Hal Bromm landed in Tribeca in the early ’70s. He started out working for an architecture firm, but eventually returned to his fine art roots, opening the neighborhood’s first contemporary art gallery. It was here in 1981 that Keith Haring had his first solo exhibition, an event that’s often credited with his rise to fame. In the ’80s, Hal also became involved in historic preservation, successfully advocating for the designation of four Tribeca historic districts and helping to form the Tribeca Trust. The Hal Bromm Gallery is still operating on West Broadway and Chambers Street and now that the hype surrounding its 40th anniversary exhibition has subsided, 6sqft had the chance to chat with Hal about his love for the city past and present.

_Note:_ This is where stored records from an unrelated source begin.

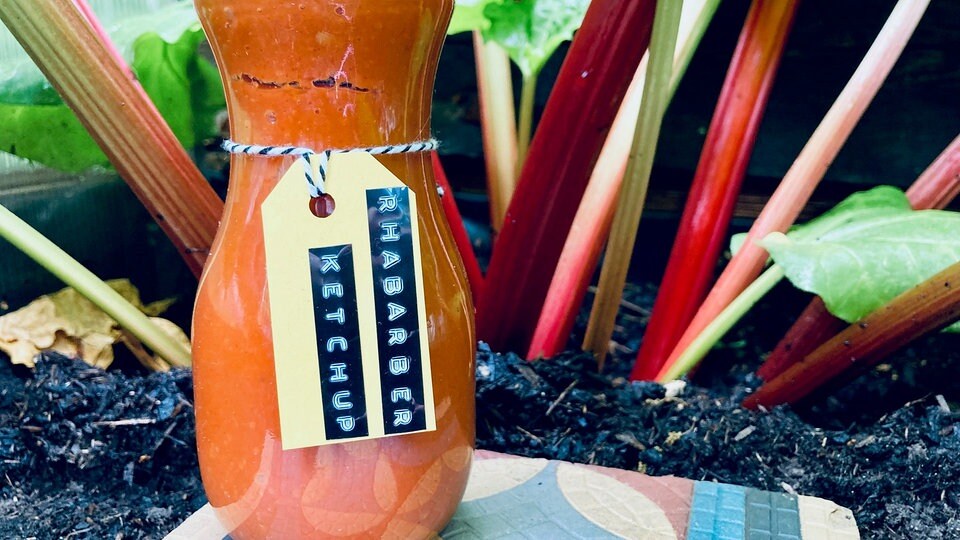 Rhabarber einkochen 2 tolle Rezepte MDR.DE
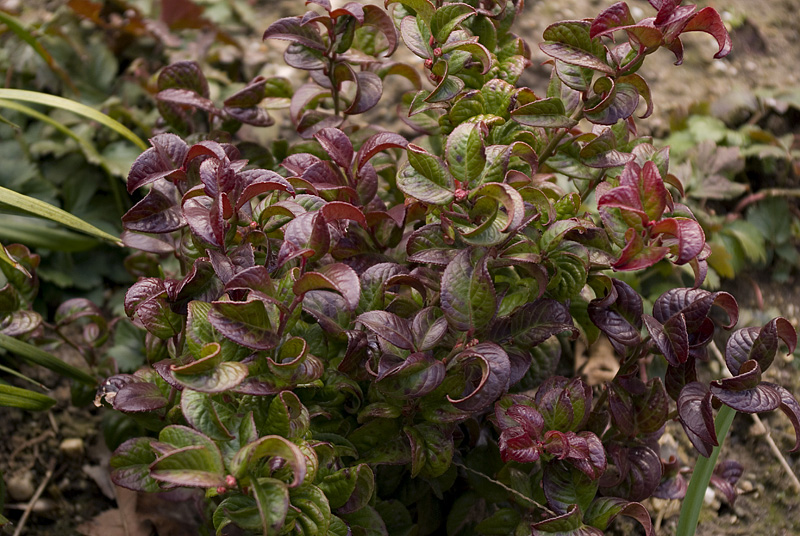 leucothoe-curly-red-imgp0211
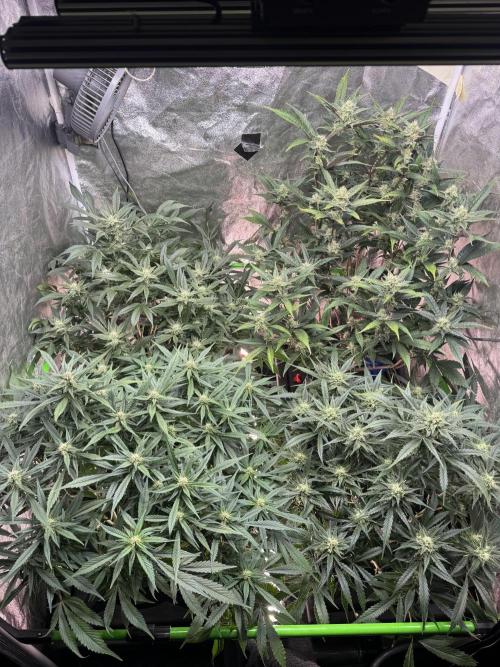Papaya Cookies Auto | RDWC. Week 10 - Day 63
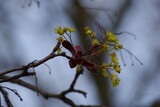 Fototapeta Dmuchawce - wiosenna przyroda ,rośliny budzą sie do zycia park miejski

6sqft: Fill in the blank. I knew I was a New Yorker when ______.
Hal: I lived in London.

6sqft: If you could invest in any part of the city, where would it be?
Hal: The Financial District. It’s the oldest part of the city, where residential development began, and is now enjoying a renaissance sparked by its proximity to Tribeca. New hotels, restaurants, shops and energy make the area very appealing, but still undervalued compared to other trendy neighborhoods. The harbor views are stunning, subway access is terrific, and access to the riverfront parks is enticing.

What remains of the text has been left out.